By the fall of 1917, a dispute between Eddie Livingstone, owner of the Blueshirts, and the owners of the NHA's other four clubs—the Montreal Canadiens, Montreal Wanderers, Ottawa Senators and Quebec Bulldogs had come to a boil. The other NHA owners were eager to disassociate themselves from Livingstone, but discovered that the NHA's constitution did not allow them to simply vote Livingstone out. With this in mind, on November 22 the NHA board of directors voted to suspend operations. At the same time, the other four NHA clubs voted to create a new league—the National Hockey League. However, they did not invite Livingstone to join them, effectively leaving him in a one-team league.

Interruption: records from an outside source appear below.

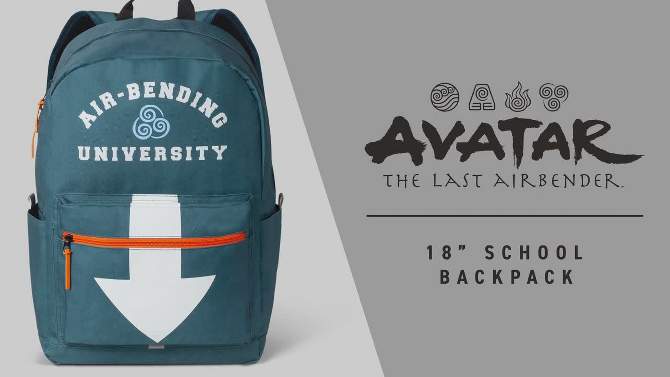 Avatar Kids&#39; Air Bending University 18&#34; Backpack, 2 of 8, play video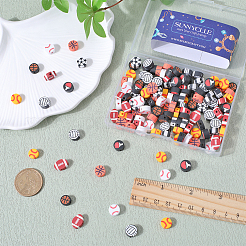 160Pcs 8 Style Handmade Polymer Clay Beads&nbsp;CLAY-SC0001-59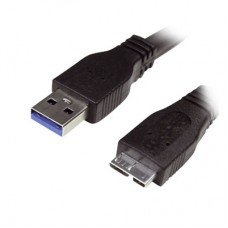 Καλώδιο MediaRange USB 3.0 A plug/Micro-USB 3.0 B plug 1.0M Black (MRCS153)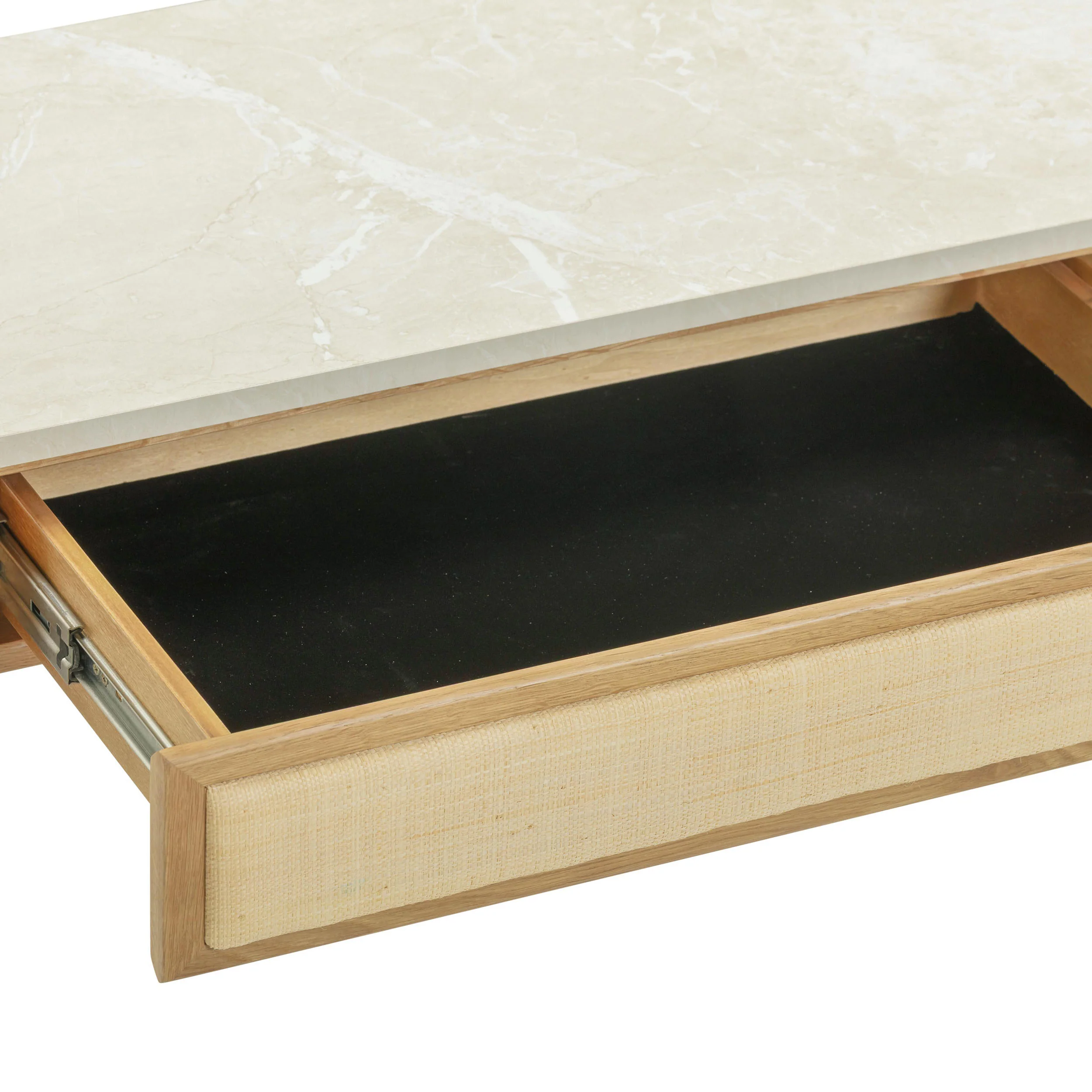Paige Console Desk, Natural - Image 6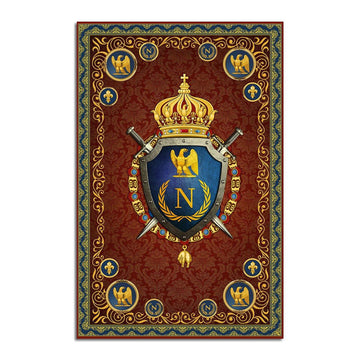 Napoleon III Coat Of Arms Rug - CustomsPig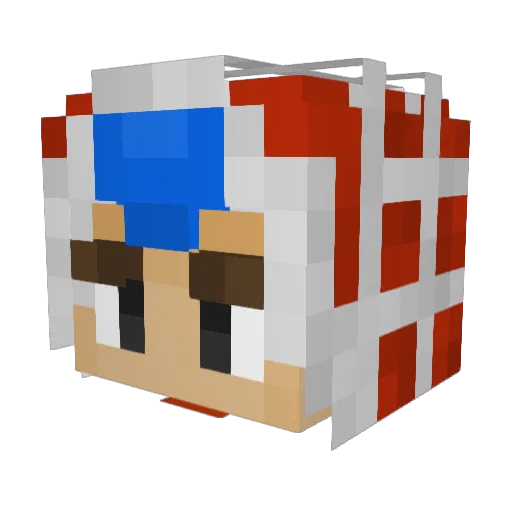 kugg3r Minecraft avatar head, 3D render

However, the other club owners felt it would be unthinkable not to have a team from Canada's second-largest city in the NHL. They also needed a fourth team to balance the schedule, since the Bulldogs were forced to suspend operations due to financial troubles (and, as it turned out, would not return until 1920). To solve the problem, NHL president Frank Calder assigned the contracts of the Blueshirt players to a 'temporary' Toronto franchise to be operated by the Toronto Arena Company, who also owned the Montreal Arena. Calder had ordered Livingstone to sell the team, but Livingstone turned down several offers. The Arena Company was given a year to resolve the dispute or lose the franchise. The Arena Company did agree to compensate Livingstone for the use of the players for the season, although no suitable figure was ever reached, and the league itself disputed any claims that Livingstone had on the players.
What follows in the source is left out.